CUNY Teachers Ramp Up Rhetoric On Possible Strike


As Governor Andrew Cuomo and Mayor Bill de Blasio debate over the state’s contribution to the City University of New York in the FY17 budget, the CUNY union representing 25,000 faculty members and professional staff continues to ramp up the rhetoric of a strike.

That after CUNY Management earlier this week declared that contract negotiations are at an impasse, which resulted in Professional Staff Congress (the union) President Barbara Bowen to urge members to vote for an authorization to strike. PSC workers have been on the job without a contract since 2010.

“This is the same CUNY management that refused for five years to make an economic offer to the union, and then proposed a salary cut when the offer finally came. This is the same CUNY management that has made one and only one economic offer, refused to make an economic response to the PSC’s 14% counter proposal, and then promptly declared impasse. This is the same CUNY management that has failed spectacularly to win contract funding from New York State, and then refused the union’s offer to make a joint public statement about the need for more support,” wrote Bowen in an email to union members asking for the authorization to strike.

Bowen noted Cuomo included in his budget proposal a line-item for $240 million “to support retroactive salary increases needed to ensure fair and affordable agreements with CUNY’s labor unions.” The proposal is complicated, however, because it is linked to a massive proposed cut in State funding for CUNY and a call for the City to make up the difference, she wrote.

The New York City College of Technology in Downtown Brooklyn is one of four CUNY colleges in Brooklyn that could be bracing for a faculty strike.

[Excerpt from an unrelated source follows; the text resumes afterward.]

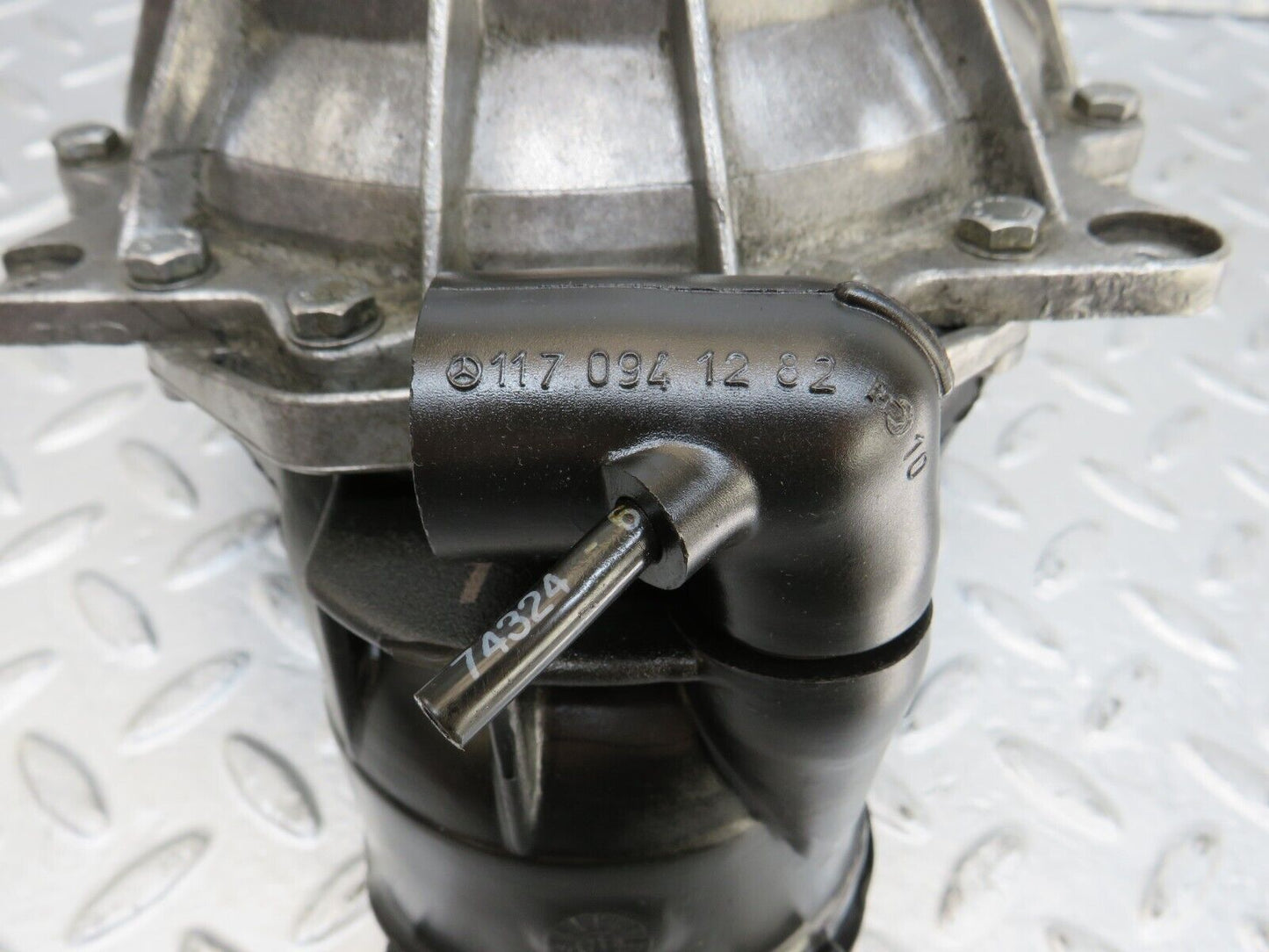 36269 Mercedes-Benz W126 420SE Air Flow Mass Meter Sensor Bosch 0438121037 1161400618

Following Cuomo’s proposed budget, he issued a clarification that the cost shift “won’t cost New York City a penny,” a statement that de Blasio repeated at Tuesday’s Legislative hearing on the State budget, where he also called for a new contract for the PSC. 

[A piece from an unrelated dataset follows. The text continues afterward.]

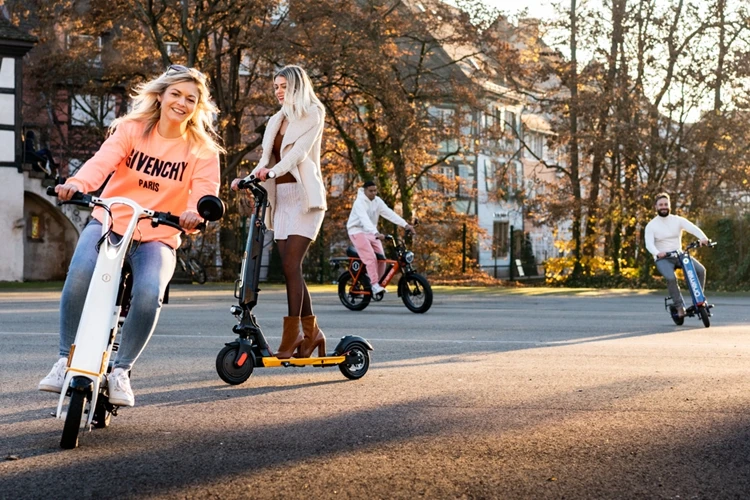 Free Shipping High Quality Durable Self-balancing Fast Cheap Adult Electric Scooters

“The real issue in this contract is not mediation; it’s money. What CUNY management should be doing instead of slowing down negotiations with a declaration of impasse is working with the PSC to secure the funds necessary for decent raises and restoration of CUNY’s budget-without reliance on further tuition increases,” wrote Bowen.

Bowen called on CUNY management to work with the union to lobby Albany for a final budget that includes both the $240 million for retroactive raises and an increase in overall State funding. However, if things go wrong for CUNY in budget negotiations, and with the union’s relationship with management, Bowen urged members to sign onto a petition that more than a thousand members have already signed to authorize a strike.

“The union will negotiate with every drop of energy we have, and we will do everything we can to achieve a fair contract without a strike, but we cannot and will not apologize for organizing our membership to stand up for what we deserve,” she wrote.

Brooklyn CUNY schools include Brooklyn College, Medgar Evers College, the New York City College of Technology and Kingsborough Community College.